- **EXERCISE REQUIREMENTS**:
Output the line containing "Funda Para Portátil" and each line after it through the end of the data, exactly as written, with pictures left out.

*** INPUT ***

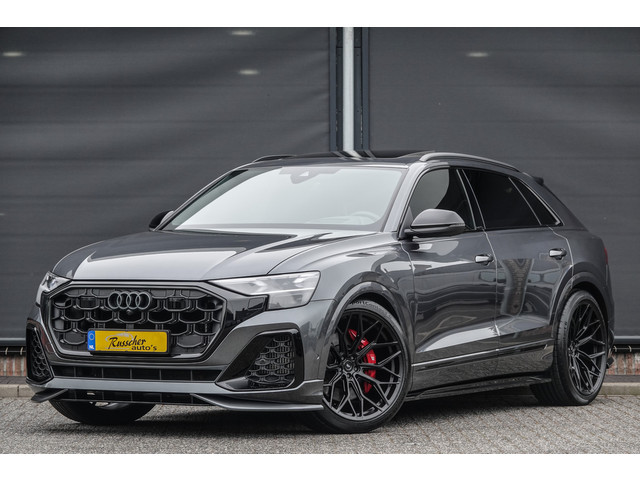 Audi SQ8 2024 Benzine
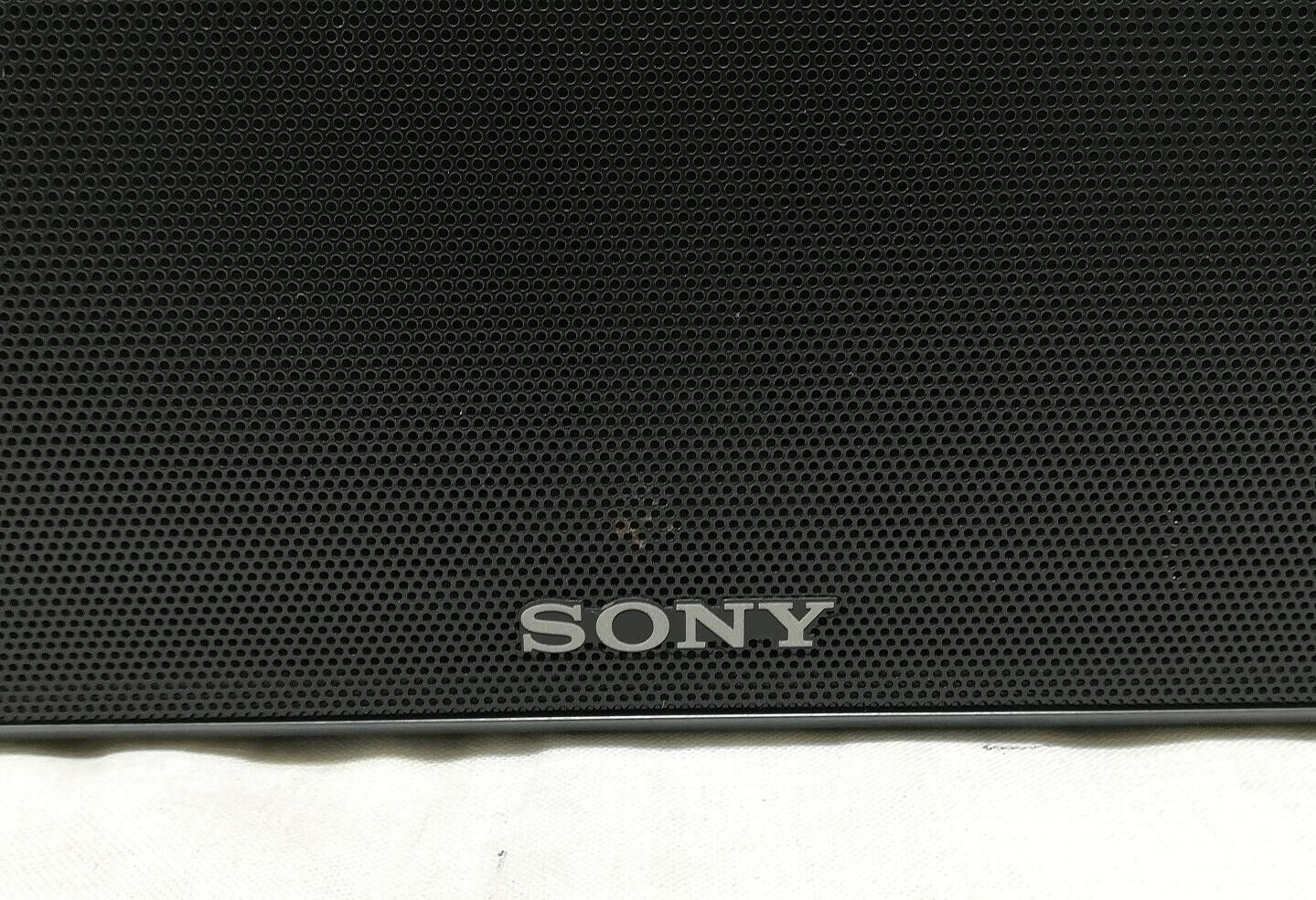 SONY SRS-ZR7 Bluetooth Portable Speaker Black High SONY SRS-ZR7 Bluetooth Portable Speaker Black High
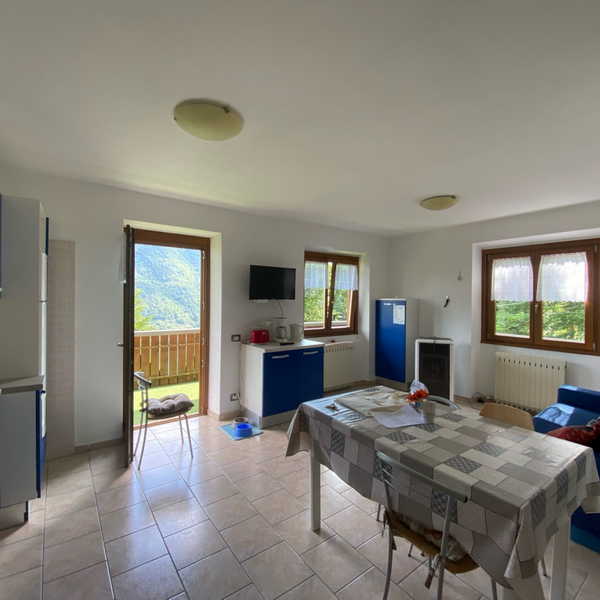 Ledro House | Le Terrazze Comfort family 3-4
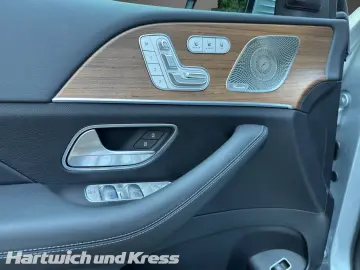 GLE 300 d 4Matic AMG Airmatic+Burmester+360+Hud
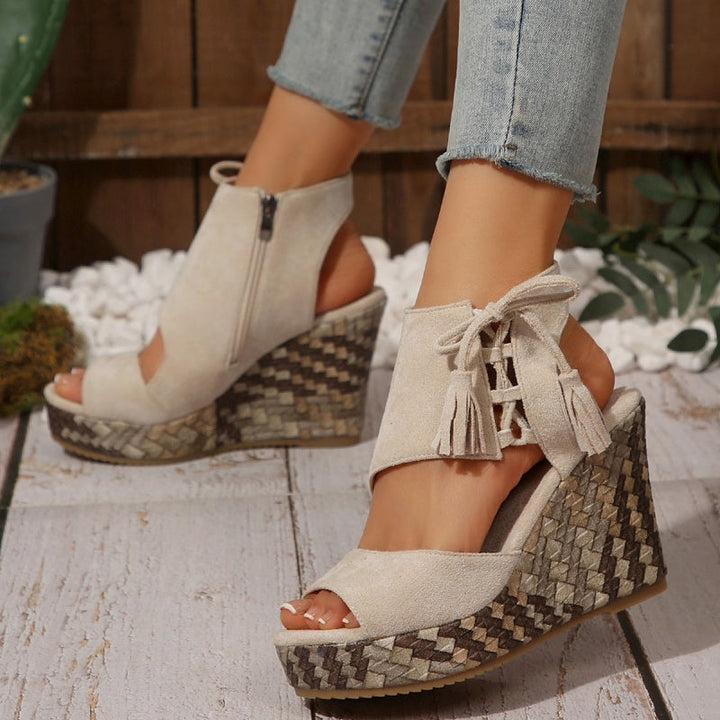 Nele | Ergonomische Sandalen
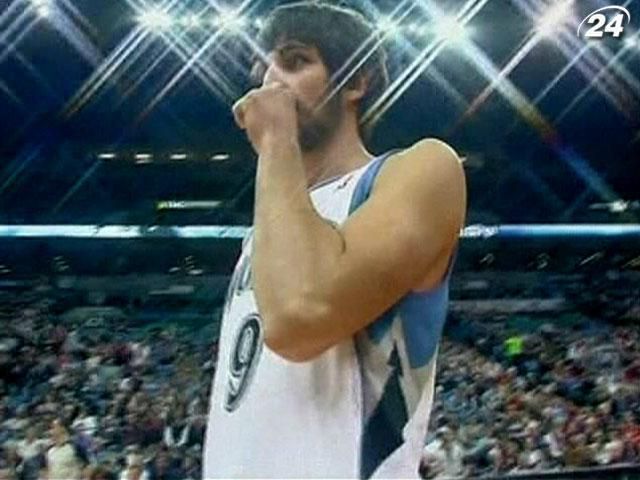 "Міннесота" розпочне новий баскетбольний сезон без Ріккі Рубіо "Міннесота" розпочне новий баскетбольний сезон без Ріккі Рубіо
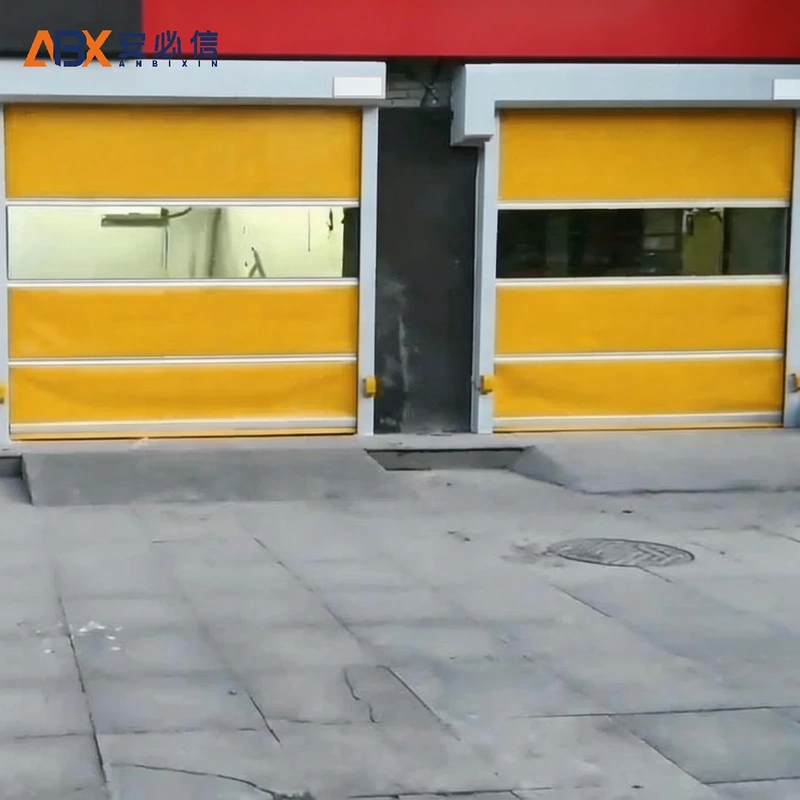 长春市软质快速门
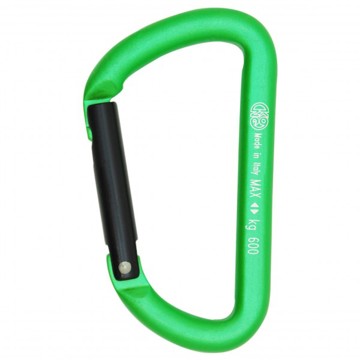 Mosquetón Kong MINI "D"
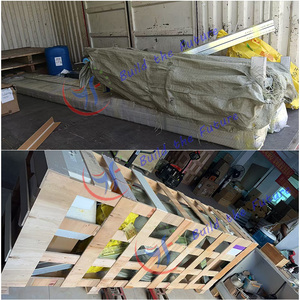 Monte-charge solaire YF pour panneaux photovoltaïques, prix abordable, machine de levage électrique automatique pour chantier de construction - Product Image 5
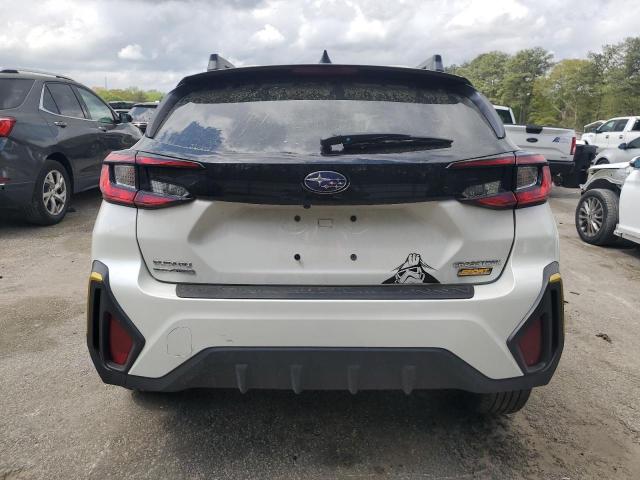  SUBARU CROSSTREK 2024 Biały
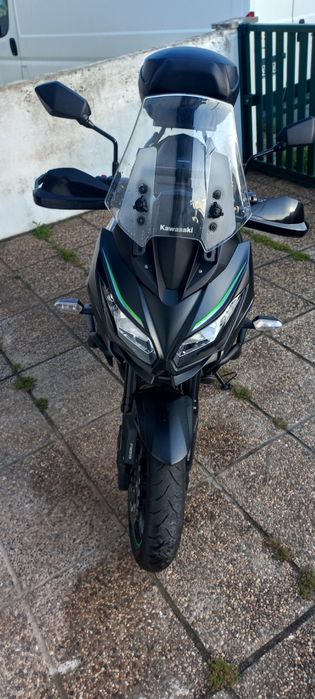 Kawasaki versys 650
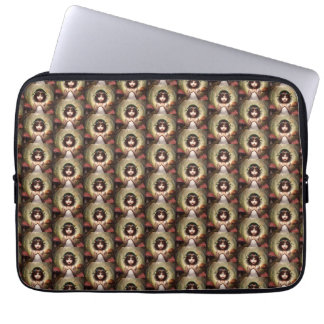 Funda Para Portátil Lilly hongo de hadas caprichosas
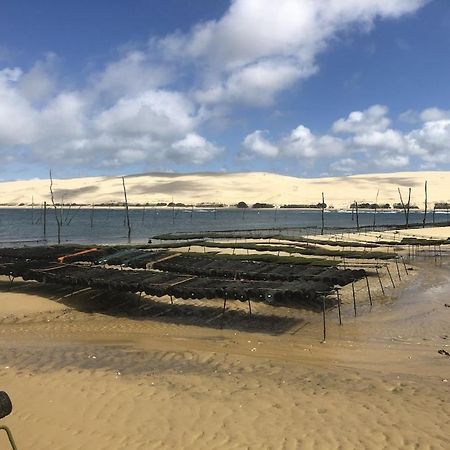 Ville Les Flots Bleus Proche Golf Arcachon La Teste-de-Buch Kültér fotó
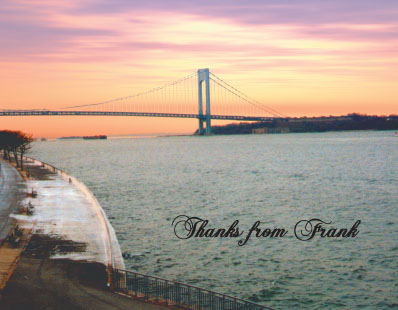 Thank You Card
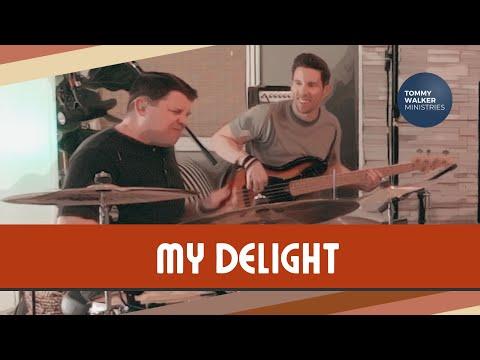 Tommy Walker feat. Eileen Walker – "My Delight" (Psalms 1:1-2) | Soulful Scripture Songs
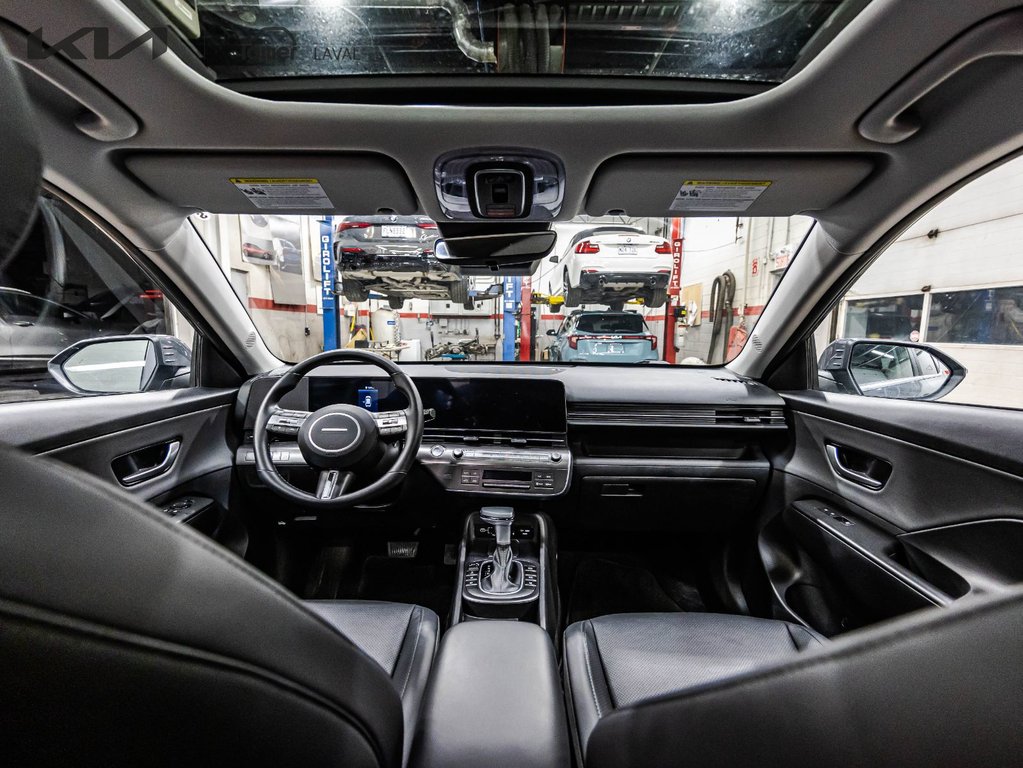 Hyundai Kona Preferred 2025 à Montréal, Québec - 14 - w1024h768px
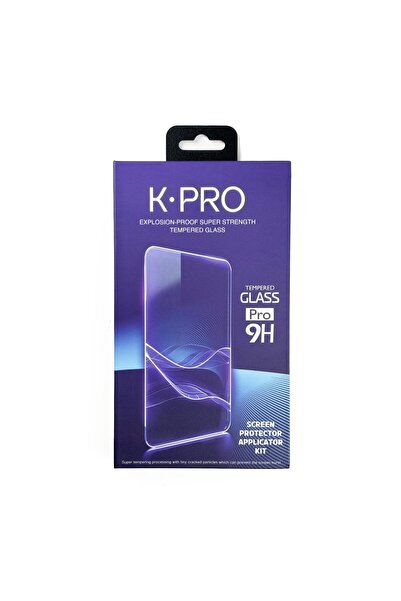 (MAGIC BOX) İPHONE 17 PRO MAX İLE UYUMLU KOLAY UYGULAMALI EKRAN KORUYUCU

*** End of INPUT ***

- **SOLUTION TO THE PROBLEM**:
 Funda Para Portátil Lilly hongo de hadas caprichosas
 Ville Les Flots Bleus Proche Golf Arcachon La Teste-de-Buch Kültér fotó
 Thank You Card
 Tommy Walker feat. Eileen Walker – "My Delight" (Psalms 1:1-2) | Soulful Scripture Songs
 Hyundai Kona Preferred 2025 à Montréal, Québec - 14 - w1024h768px
 (MAGIC BOX) İPHONE 17 PRO MAX İLE UYUMLU KOLAY UYGULAMALI EKRAN KORUYUCU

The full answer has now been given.